▽

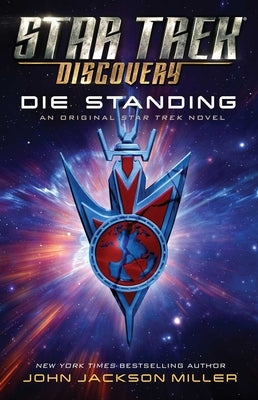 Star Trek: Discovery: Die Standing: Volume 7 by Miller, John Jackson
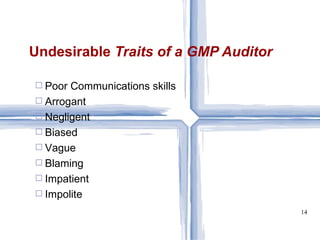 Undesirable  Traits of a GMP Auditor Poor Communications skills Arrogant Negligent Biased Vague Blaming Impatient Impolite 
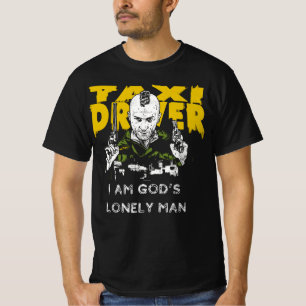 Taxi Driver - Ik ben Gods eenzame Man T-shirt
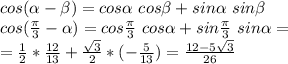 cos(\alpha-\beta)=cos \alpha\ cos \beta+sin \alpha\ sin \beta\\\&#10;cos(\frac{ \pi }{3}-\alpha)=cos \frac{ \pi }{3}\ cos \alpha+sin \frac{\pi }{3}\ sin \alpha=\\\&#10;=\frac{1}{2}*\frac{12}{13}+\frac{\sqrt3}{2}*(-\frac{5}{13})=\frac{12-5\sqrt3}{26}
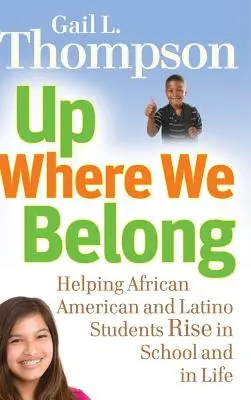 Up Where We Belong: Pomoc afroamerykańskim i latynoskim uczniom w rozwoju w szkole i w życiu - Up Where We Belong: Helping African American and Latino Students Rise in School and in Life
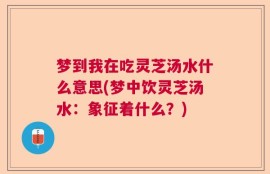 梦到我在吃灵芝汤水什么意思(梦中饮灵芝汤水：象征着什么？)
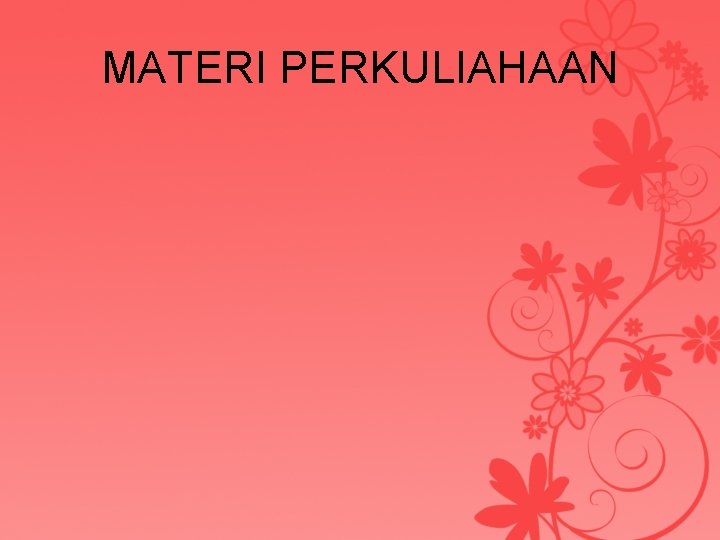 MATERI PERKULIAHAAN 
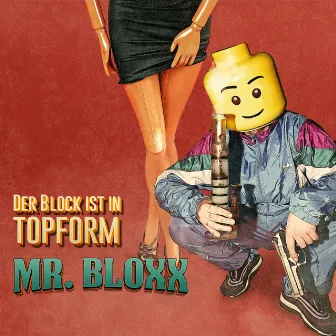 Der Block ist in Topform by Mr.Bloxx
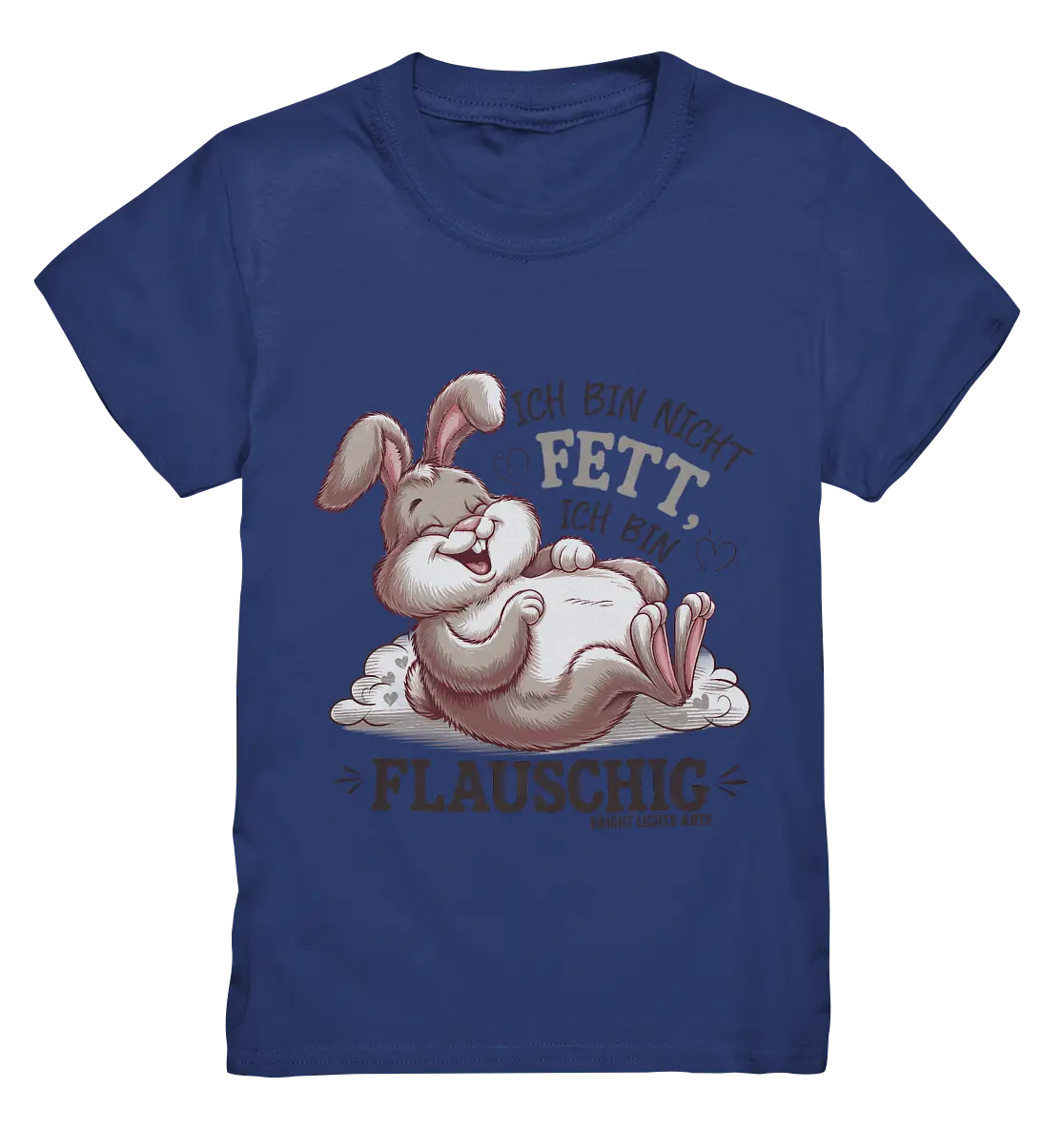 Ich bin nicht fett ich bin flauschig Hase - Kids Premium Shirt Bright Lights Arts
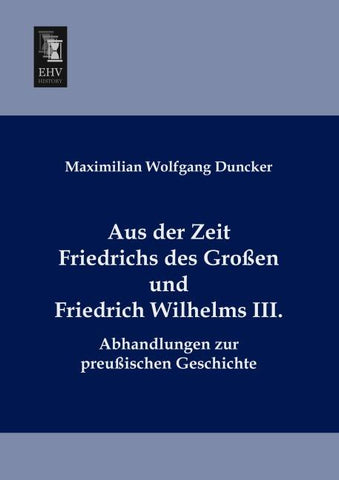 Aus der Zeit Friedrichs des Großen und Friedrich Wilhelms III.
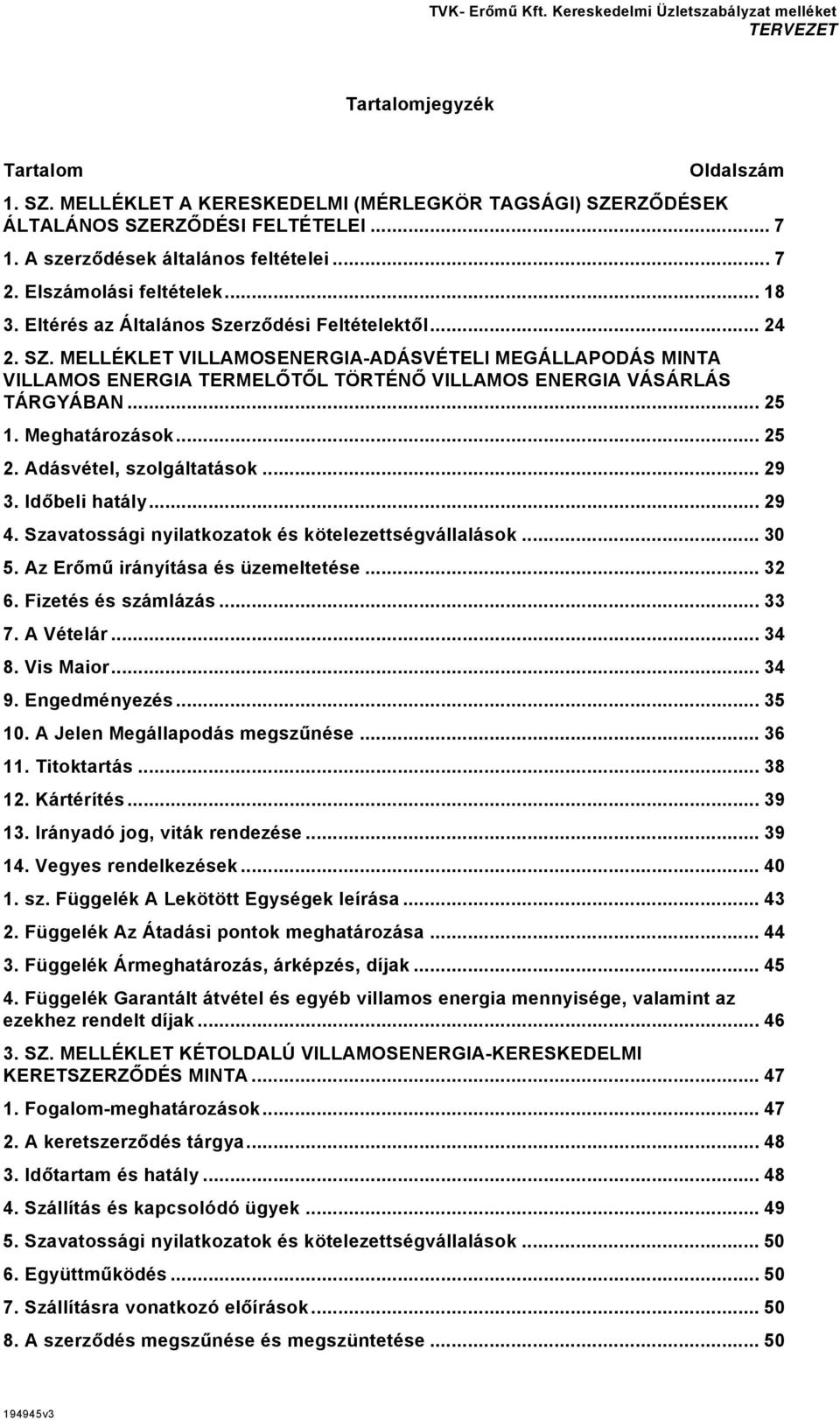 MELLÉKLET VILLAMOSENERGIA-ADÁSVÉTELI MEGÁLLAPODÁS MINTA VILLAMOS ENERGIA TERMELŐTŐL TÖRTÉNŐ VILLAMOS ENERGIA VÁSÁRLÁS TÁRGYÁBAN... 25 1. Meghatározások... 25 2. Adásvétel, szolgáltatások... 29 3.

△

• [EXERCISE AIM] Verbatim copy with pictures excluded: write out the records above in full.

• [SOLVED PROBLEM]
 Star Trek: Discovery: Die Standing: Volume 7 by Miller, John Jackson
 Undesirable  Traits of a GMP Auditor Poor Communications skills Arrogant Negligent Biased Vague Blaming Impatient Impolite 
 Taxi Driver - Ik ben Gods eenzame Man T-shirt
 cos(\alpha-\beta)=cos \alpha\ cos \beta+sin \alpha\ sin \beta\\\&#10;cos(\frac{ \pi }{3}-\alpha)=cos \frac{ \pi }{3}\ cos \alpha+sin \frac{\pi }{3}\ sin \alpha=\\\&#10;=\frac{1}{2}*\frac{12}{13}+\frac{\sqrt3}{2}*(-\frac{5}{13})=\frac{12-5\sqrt3}{26}
 Up Where We Belong: Pomoc afroamerykańskim i latynoskim uczniom w rozwoju w szkole i w życiu - Up Where We Belong: Helping African American and Latino Students Rise in School and in Life
 梦到我在吃灵芝汤水什么意思(梦中饮灵芝汤水：象征着什么？)
 MATERI PERKULIAHAAN 
 Der Block ist in Topform by Mr.Bloxx
 Ich bin nicht fett ich bin flauschig Hase - Kids Premium Shirt Bright Lights Arts
 Aus der Zeit Friedrichs des Großen und Friedrich Wilhelms III.
 MELLÉKLET VILLAMOSENERGIA-ADÁSVÉTELI MEGÁLLAPODÁS MINTA VILLAMOS ENERGIA TERMELŐTŐL TÖRTÉNŐ VILLAMOS ENERGIA VÁSÁRLÁS TÁRGYÁBAN... 25 1. Meghatározások... 25 2. Adásvétel, szolgáltatások... 29 3.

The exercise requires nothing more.